Buenos Aires, June 28, 2011

Venezuela’s Orquesta Sinfónica Símon Bolívar is the crown of the country’s more than 200 youth orchestras, the professional end product of the system of musical training for young people established by the economist José Antonio Abreu in 1975.

The ensemble played a simply amazing performance of Mahler’s Symphony No. 7 to a packed house at the Teatro Cólon on Sunday afternoon, June 26, under the baton of Gustavo Dudamel, its artistic director since 1999. This was the first of two concerts by the orchestra. Sunday’s was sponsored by The Mozarteum of Argentina.

Venezuela’s El Sistema has been much in the news in the last few years, as has Mr. Dudamel, who recently succeeded Esa-Pekka Salonen as music director of the Los Angeles Philharmonic. Having never seen him conduct live, I wasn’t sure what kind of podium behavior to expect — though I imagined perhaps the super-kinetic reincarnation of a young Leonard Bernstein.

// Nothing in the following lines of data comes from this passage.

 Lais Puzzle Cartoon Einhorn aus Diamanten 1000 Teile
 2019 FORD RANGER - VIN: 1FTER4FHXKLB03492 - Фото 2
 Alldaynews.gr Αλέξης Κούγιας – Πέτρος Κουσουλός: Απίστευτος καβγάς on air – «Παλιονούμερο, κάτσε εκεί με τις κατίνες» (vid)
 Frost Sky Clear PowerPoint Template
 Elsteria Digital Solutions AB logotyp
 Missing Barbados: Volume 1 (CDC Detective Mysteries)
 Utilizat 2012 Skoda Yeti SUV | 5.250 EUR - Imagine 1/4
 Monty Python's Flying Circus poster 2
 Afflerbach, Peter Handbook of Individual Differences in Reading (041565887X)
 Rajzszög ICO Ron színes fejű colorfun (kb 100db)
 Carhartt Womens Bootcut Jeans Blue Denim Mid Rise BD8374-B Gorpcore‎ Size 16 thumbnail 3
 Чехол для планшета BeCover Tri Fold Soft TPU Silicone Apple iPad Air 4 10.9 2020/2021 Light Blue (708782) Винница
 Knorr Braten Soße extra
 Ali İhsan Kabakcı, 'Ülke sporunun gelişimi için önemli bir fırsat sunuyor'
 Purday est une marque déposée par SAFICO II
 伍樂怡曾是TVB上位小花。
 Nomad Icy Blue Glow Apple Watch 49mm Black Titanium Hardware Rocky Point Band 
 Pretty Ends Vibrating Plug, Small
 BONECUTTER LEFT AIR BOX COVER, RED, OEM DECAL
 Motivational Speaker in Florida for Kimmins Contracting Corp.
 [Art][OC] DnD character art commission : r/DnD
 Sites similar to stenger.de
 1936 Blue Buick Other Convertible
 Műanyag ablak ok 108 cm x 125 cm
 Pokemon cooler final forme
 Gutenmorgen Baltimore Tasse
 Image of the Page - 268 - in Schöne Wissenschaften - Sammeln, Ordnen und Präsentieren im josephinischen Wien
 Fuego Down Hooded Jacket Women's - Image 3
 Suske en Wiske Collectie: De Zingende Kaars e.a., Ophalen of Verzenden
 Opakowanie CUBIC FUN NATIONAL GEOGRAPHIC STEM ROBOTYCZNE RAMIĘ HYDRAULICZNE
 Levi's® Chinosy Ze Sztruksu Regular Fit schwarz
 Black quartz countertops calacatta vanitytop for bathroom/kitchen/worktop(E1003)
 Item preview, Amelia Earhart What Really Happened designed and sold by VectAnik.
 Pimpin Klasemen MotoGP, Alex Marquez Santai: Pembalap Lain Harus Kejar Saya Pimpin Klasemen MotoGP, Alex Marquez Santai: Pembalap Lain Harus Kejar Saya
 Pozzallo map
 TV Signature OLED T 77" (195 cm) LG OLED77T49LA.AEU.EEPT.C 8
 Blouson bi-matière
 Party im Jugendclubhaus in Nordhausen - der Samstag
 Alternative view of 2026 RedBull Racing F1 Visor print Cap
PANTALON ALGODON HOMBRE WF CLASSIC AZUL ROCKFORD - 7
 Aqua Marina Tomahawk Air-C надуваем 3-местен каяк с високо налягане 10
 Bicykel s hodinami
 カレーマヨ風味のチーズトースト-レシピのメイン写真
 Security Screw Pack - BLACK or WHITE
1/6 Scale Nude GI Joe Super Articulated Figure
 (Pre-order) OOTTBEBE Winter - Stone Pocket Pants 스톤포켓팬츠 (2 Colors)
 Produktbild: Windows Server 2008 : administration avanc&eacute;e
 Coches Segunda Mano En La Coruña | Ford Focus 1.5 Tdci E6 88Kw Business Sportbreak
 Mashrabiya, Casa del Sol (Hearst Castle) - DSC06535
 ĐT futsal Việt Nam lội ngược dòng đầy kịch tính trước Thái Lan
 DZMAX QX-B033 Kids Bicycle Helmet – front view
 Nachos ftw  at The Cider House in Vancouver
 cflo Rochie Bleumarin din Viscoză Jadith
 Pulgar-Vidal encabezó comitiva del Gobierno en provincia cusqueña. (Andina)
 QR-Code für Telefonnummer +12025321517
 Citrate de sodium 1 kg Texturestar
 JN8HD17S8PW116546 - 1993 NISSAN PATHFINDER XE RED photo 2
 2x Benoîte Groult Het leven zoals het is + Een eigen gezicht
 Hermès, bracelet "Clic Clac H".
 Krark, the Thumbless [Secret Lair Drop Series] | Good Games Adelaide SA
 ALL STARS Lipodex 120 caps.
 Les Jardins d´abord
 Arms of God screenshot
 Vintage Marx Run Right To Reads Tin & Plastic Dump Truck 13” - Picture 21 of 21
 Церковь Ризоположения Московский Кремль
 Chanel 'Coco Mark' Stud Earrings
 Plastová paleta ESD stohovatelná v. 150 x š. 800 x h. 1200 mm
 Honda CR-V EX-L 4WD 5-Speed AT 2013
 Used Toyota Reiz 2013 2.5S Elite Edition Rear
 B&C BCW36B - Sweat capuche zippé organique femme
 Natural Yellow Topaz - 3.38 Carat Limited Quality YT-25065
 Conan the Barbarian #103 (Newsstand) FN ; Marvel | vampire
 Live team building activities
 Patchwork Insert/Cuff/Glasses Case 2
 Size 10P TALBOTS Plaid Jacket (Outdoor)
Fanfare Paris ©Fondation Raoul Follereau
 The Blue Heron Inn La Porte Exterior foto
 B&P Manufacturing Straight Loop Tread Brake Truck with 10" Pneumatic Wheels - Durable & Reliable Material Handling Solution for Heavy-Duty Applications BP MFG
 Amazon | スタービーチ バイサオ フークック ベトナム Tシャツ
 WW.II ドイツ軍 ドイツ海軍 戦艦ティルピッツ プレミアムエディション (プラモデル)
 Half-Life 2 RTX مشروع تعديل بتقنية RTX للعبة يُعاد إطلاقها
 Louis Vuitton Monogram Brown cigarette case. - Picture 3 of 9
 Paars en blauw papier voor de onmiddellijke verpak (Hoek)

Not a bit of it. Conducting from memory, Mr. Dudamel was a restrained and efficient leader who drew rich, dark sonorities from the orchestra’s vast string section (over 90 players strong), gave clear and precise cues to a multitude of soloists and allowed himself only a couple of medium-sized gestures at big climaxes. His expert pacing of the work — which is full of Mahler’s trademark subtle tempo changes — and his command of almost infinite dynamic gradations revealed a deep and penetrating knowledge of the score and a clear plan for putting it across to the audience. Any lingering thoughts that Mr. Dudamel might eventually find himself over his head in the orchestral repertory were soundly put to rest by this performance.

Though dwelling on the idea of night time (its second and fourth movements are titled Nachtmusik I and II), and constantly teetering on the cusp between minor and major, Mahler’s seventh symphony makes a remarkably agreeable journey through the composer’s complicated emotional landscape. There are charming rustic touches (the calling horns and offstage cowbells in the second movement) and suggestions of folk music (the sentimental guitar and mandolin strokes in the fourth), wicked little parodies of Viennese customs (the threatening waltz in the Scherzo), and a positively cinematic finale which resembles a parade in which all sorts of musicians file past (was that a Turkish band?) ending in a riotous banging on chimes, cowbells and everything in sight. But those accustomed to Mahler’s stock gestures can find themselves surprised by this work: too often it’s easy to predict where he’s going to go next, but No. 7 is full of odd turns and surprises.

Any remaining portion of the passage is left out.